Der SS-Mann fiel hier durch seine Brutalität auf. Mehrere Menschen kamen
durch ihn zu Tode. Gewohnt hat der SS-Mann ganz bieder in einem der
Siedlungshäuser rund um das Lager. Dort gab er sich so, als könne er keiner
Fliege etwas zuleide tun oder ein Kaninchen schlachten. Erst nach Kriegsende
und der Befreiung des Lagers erfuhren die Nachbarn von seinem wahren
Charakter. Das jedenfalls behaupteten sie gegenüber Historikern. Die
Erinnerungen dieser Nachbarn und anderer Zeitzeugen sind die wertvollsten
Zeugnisse in der kürzlich eröffneten Ausstellung der Gedenkstätte
Sachsenhausen “Die Stadt und das Lager”.
Während die Besucher den Berichten der Oranienburger unter Kopfhörern
lauschen, fällt der Blick durch Sehschlitze auf die Umgebung des KZ. Da
stehen Einfamilienhäuser und in der Ferne ein Schornstein. Alles zum Greifen
nah. Zwischen dem Lager und der Stadt kann es also zwischen 1936 und 1945 ni
e eine hermetische Abgrenzung gegeben haben. Im Gegenteil, die
Siedlungshäuser wurden extra für die SS-Angehörigen errichtet. In den
Fabriken und beim Straßenbau arbeiteten Dutzende Häftlingskommandos, die
durch den Ort marschieren mussten. Regelmäßig gab es Führungen durch das KZ,
oft legte sich tagelang beißender Qualm aus dem Krematorium über die Stadt.

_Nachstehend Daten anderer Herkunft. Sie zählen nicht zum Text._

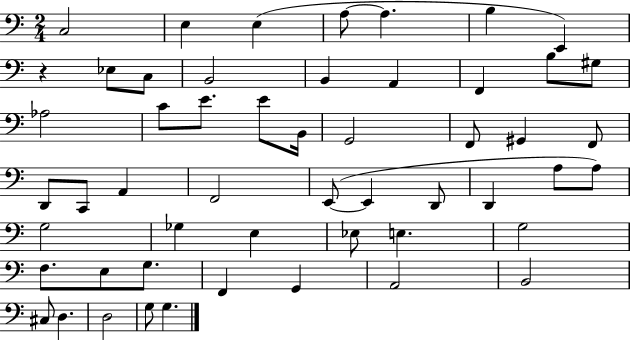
X:1
T:Untitled
M:2/4
L:1/4
K:C
C,2 E, E, A,/2 A, B, E,, z _E,/2 C,/2 B,,2 B,, A,, F,, B,/2 ^G,/2 _A,2 C/2 E/2 E/2 B,,/4 G,,2 F,,/2 ^G,, F,,/2 D,,/2 C,,/2 A,, F,,2 E,,/2 E,, D,,/2 D,, A,/2 A,/2 G,2 _G, E, _E,/2 E, G,2 F,/2 E,/2 G,/2 F,, G,, A,,2 B,,2 ^C,/2 D, D,2 G,/2 G, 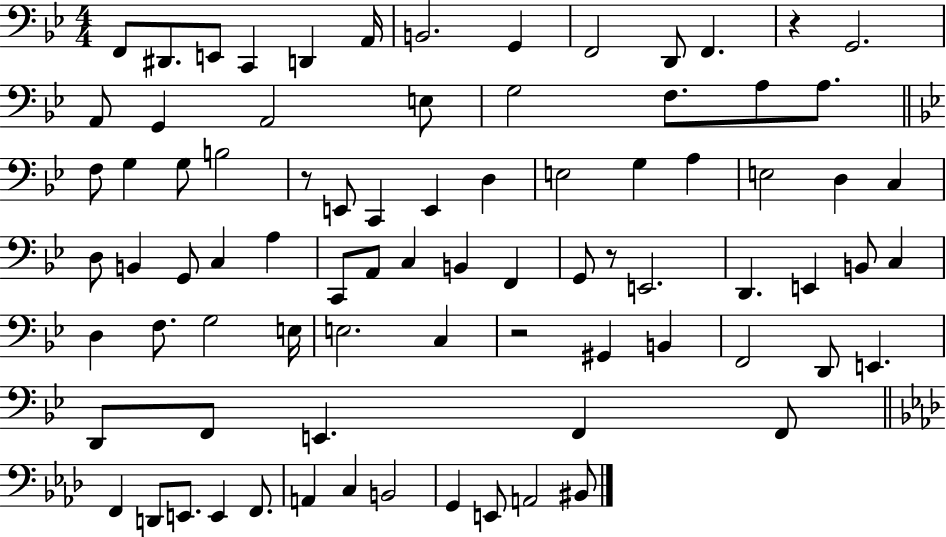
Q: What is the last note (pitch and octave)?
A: BIS2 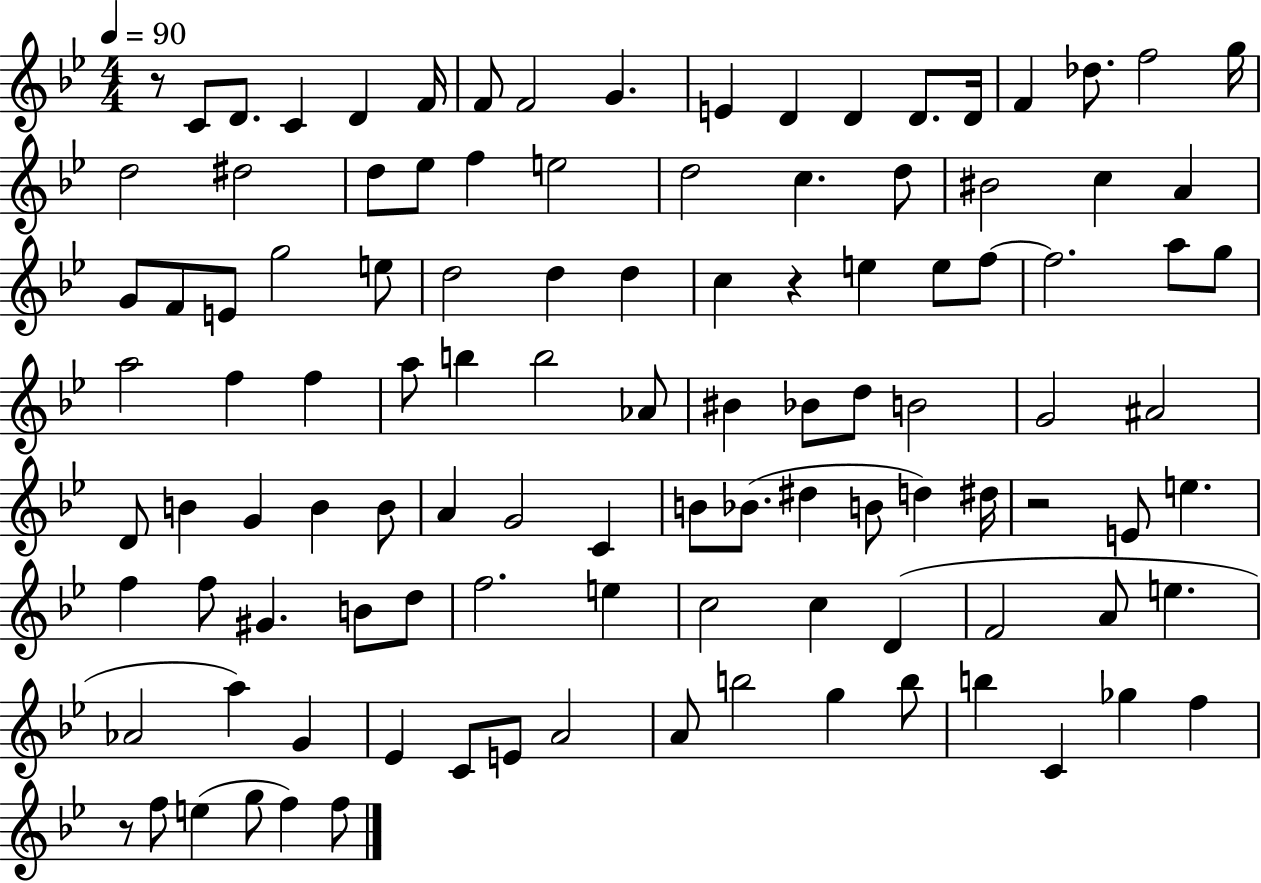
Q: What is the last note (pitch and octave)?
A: F5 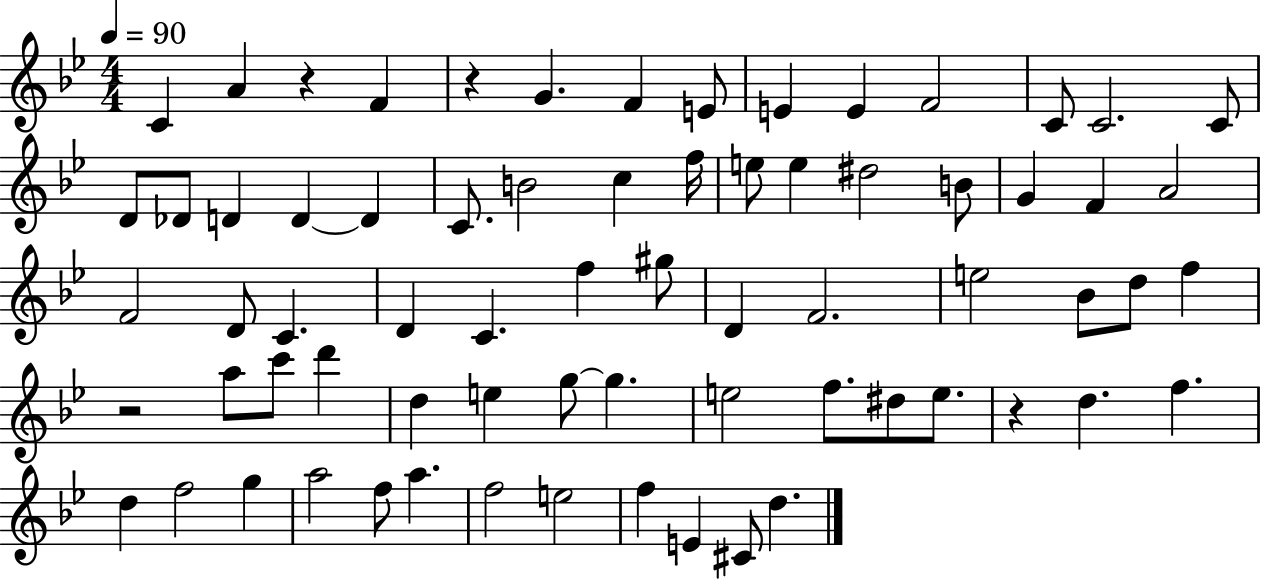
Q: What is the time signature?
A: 4/4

Die Ausstellung zeigt überzeugend, wie viel die Oranienburger über die
Vorgänge im KZ gewusst haben müssen. Es gab aber nicht nur Schweigen oder
billigendes Hinnehmen der Zustände. Oranienburger steckten Häftlingen Brot
oder Tabletten zu, nahmen Briefe entgegen oder halfen ihnen oft unter dem
Einsatz ihres eigenen Lebens. Nicht wenige bezahlten diese Menschlichkeit
mit der Einlieferung ins KZ und dem späteren Tod.
Die Stiftung Brandenburgische Gedenkstätten wollte Mitte der neunziger Jahre
die SS-Siedlungen unter Denkmalschutz stellen. Doch ein unerwarteter
Proteststurm verhinderte das, ähnlich erging es dem SS-Truppenlager direkt
am Lager. Ein internationaler Architektenwettbewerb brachte viele Ideen -
die Stadt favorisierte schließlich einen Entwurf von Daniel Libeskind, der
in einem von Wasser umspülten großen Gebäuderiegel viele öffentliche
Einrichtungen und ein Museum unterbringen wollte. Hier verwahrte sich der
Denkmalschutz gegen einen zu starken Eingriff. Das Gelände lag viele Jahre
brach, bis jetzt der Umbau der Kasernen in die neue Polizeifachschule
begann. Dennoch wird in der Stadt die KZ-Gedenkstätte nicht mehr ignoriert
wie in den Jahren nach der Wende. Heute kommen viele Oranienburger zu
Gedenkfeiern, Diskussionsforen oder zur Ausstellung über die Stadt und das
Lager, die dienstags bis sonntags von 8.30 bis 16.30 geöffnet ist.